To my friends in Latvia, Estonia, and Lithuania. Men and women who understand the price of freedom.


Admiral James Stavridis, US Navy (Retired), former Supreme Allied Commander Europe

AT HIS CONFIRMATION hearing in the summer of 2015, General Mark Milley, the new Chief of US Army Staff, was asked by the Senate Armed Services Committee what was the greatest threat to the American — and Western — democratic way of life. He answered, «I would put Russia right now as the number one threat… Russia is the only country on earth that retains a nuclear capability to destroy the United States. That is an existential threat.» General Joe Dunford, the new Chairman of the Joint Chiefs, expressed the same view to the same committee during his confirmation hearings.

I fully agree with that assessment. It is also an assessment shared by a select group of top military leaders; people whose experience puts them in the best position to know the facts of the case. In particular, I applaud my former comrade-in-arms and Deputy Supreme Allied Commander at NATO, General Sir Richard Shirreff, for laying out the risks America and the West currently face in this brave, timely and important book.

As the Strategic Commander of NATO, the North Atlantic Treaty Organization, I saw Russian aggression firsthand. Of all the challenges America faces on the geopolitical scene in the second decade of the twenty-first century, the most dangerous is the resurgence of Russia under President Putin.

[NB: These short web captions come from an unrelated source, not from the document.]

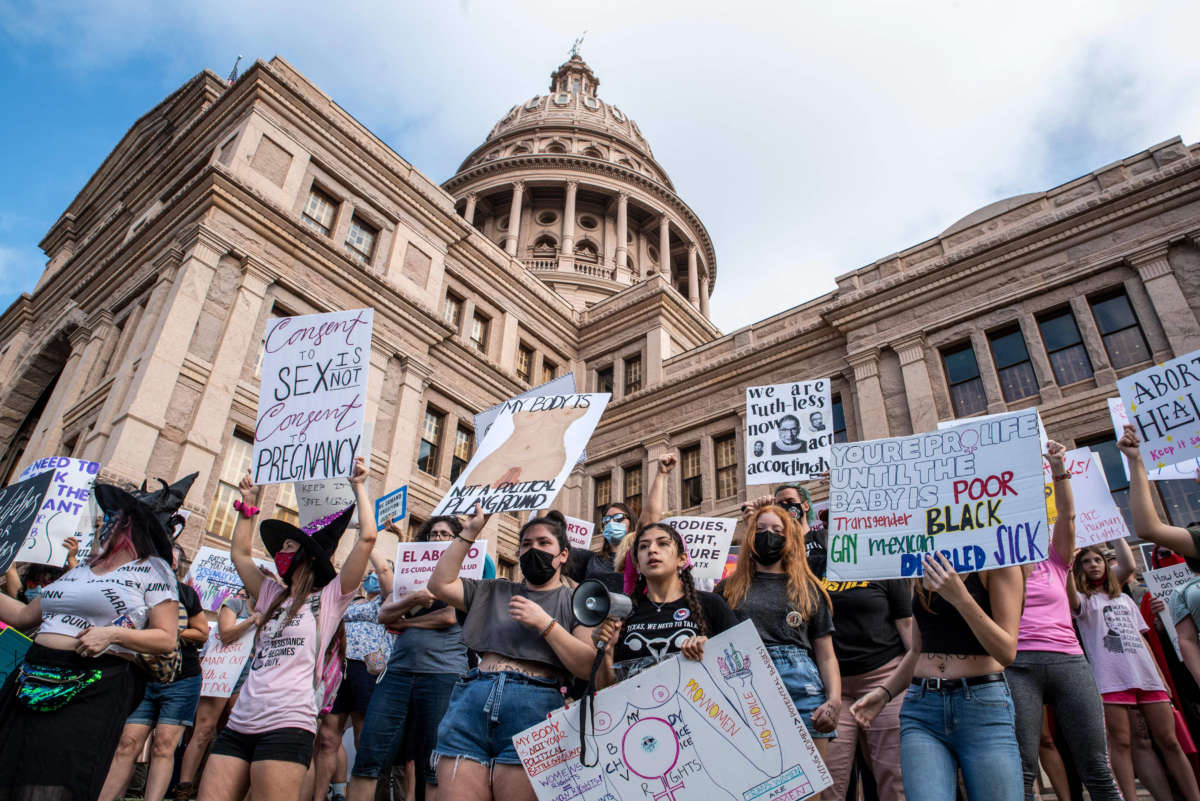 Protesters take part in the Women's March and Rally for Abortion Justice at the State Capitol in Austin, Texas, on October 2, 2021.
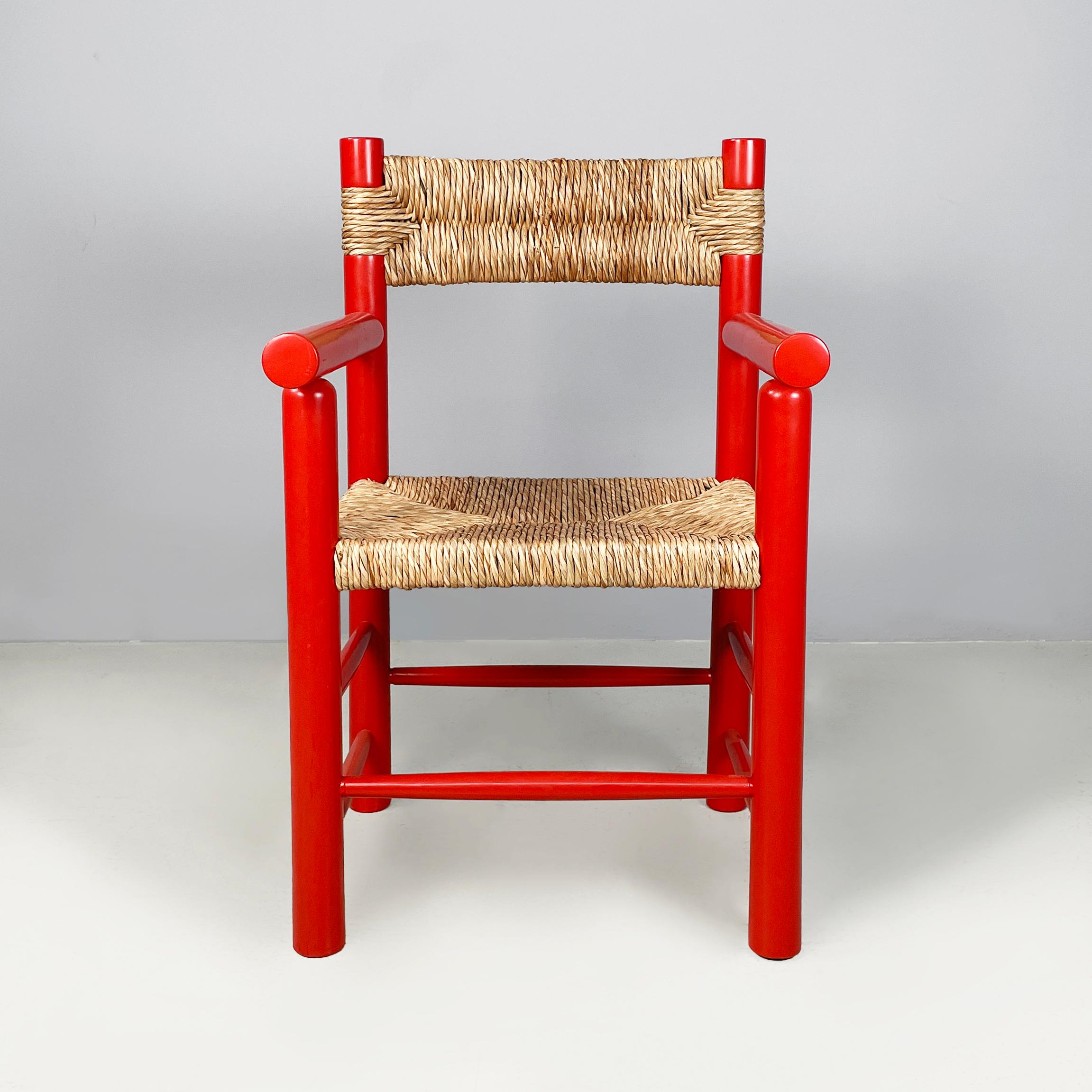 Italian mid-century modern chairs with armrests in red wood and straw, 1970s
Pair of chairs with armrests with square seat and backrest in woven straw. The structure, armrests and legs with round section are in red painted wood.
1970s.
Good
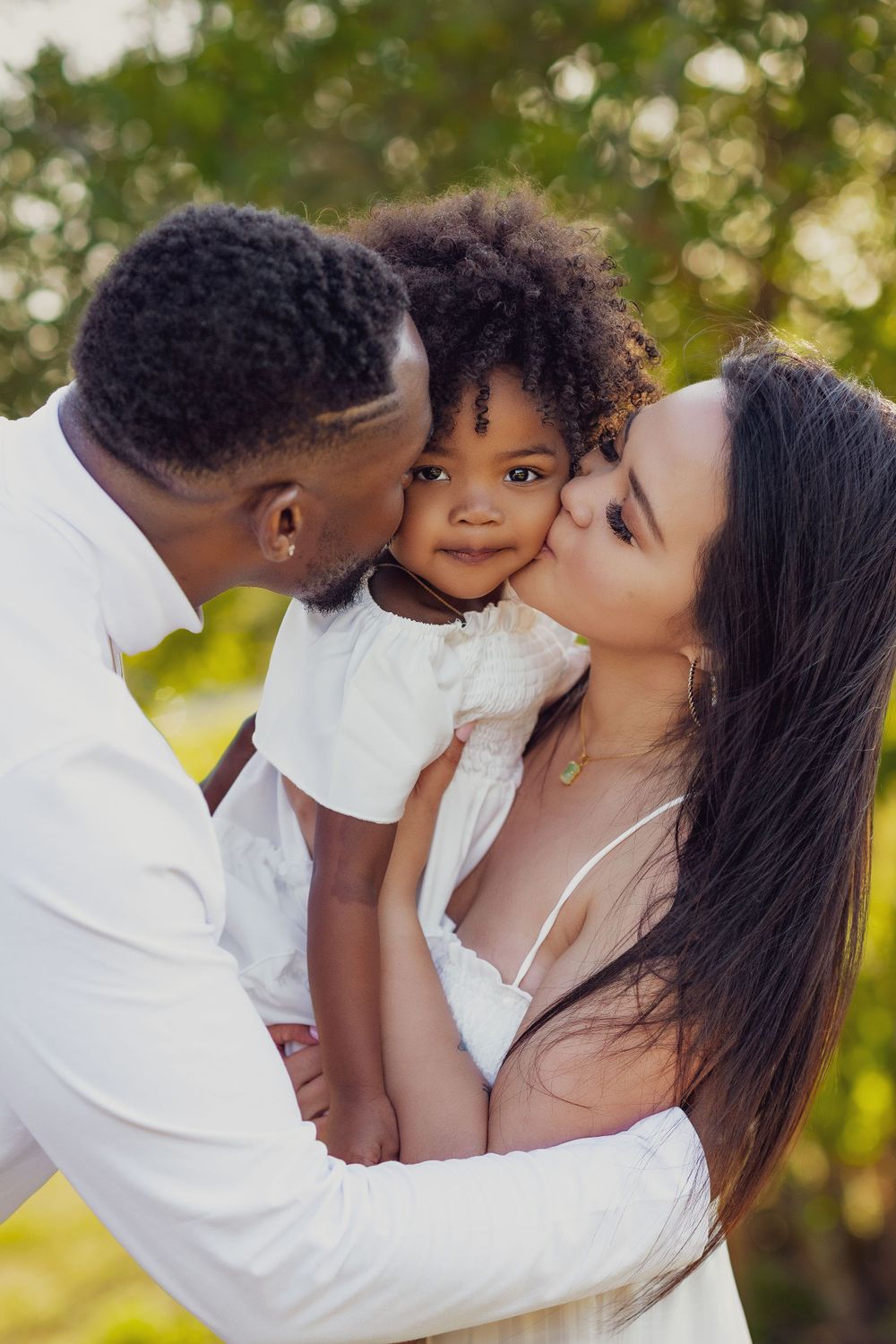 A tender family moment captured outdoors with everyone dressed in white against a natural background.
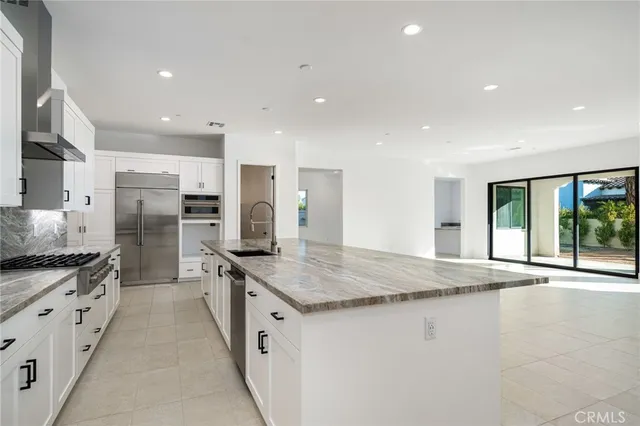 a large kitchen with stainless steel appliances granite countertop a stove a sink a refrigerator and white cabinets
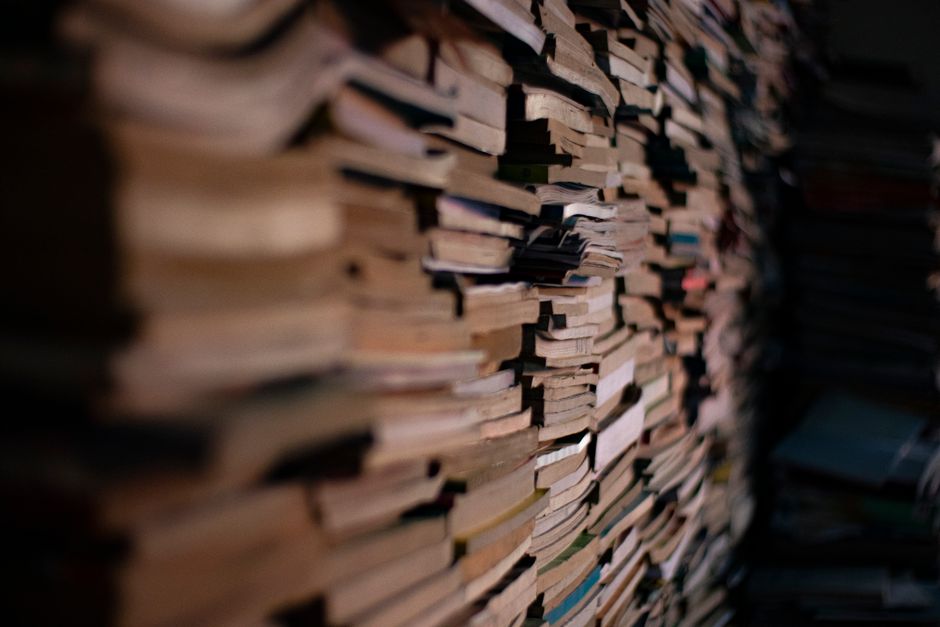 Montón de libros de bolsillo apilados en una habitación con poca luz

Yes, Islamic jihadists pose a massive threat to our security but, until the jihadists can defeat us on the battlefield, they cannot destroy our nation. The Russians are different — and this is the truly terrifying bit — as they appear to be prepared to use nuclear weapons, based on recent, very public comments by Vladimir Putin.

Under President Putin, Russia has charted a dangerous course that, if it is allowed to continue, may lead inexorably to a clash with NATO. And that will mean a war that could so easily go nuclear. As the Prussian general Carl von Clausewitz once said, «War has its own grammar but not its own logic.» I would add that it has its own dynamic. If American and NATO soldiers find themselves in direct combat with Russian troops, that conflict will escalate. And that means the ultimate option will be on the table: the use of nuclear weapons. This book describes brilliantly how this horrific scenario could develop «on the ground.» These are the sort of scenarios that many senior civilians, and especially politicians, throughout history have consistently failed to understand or have wished away.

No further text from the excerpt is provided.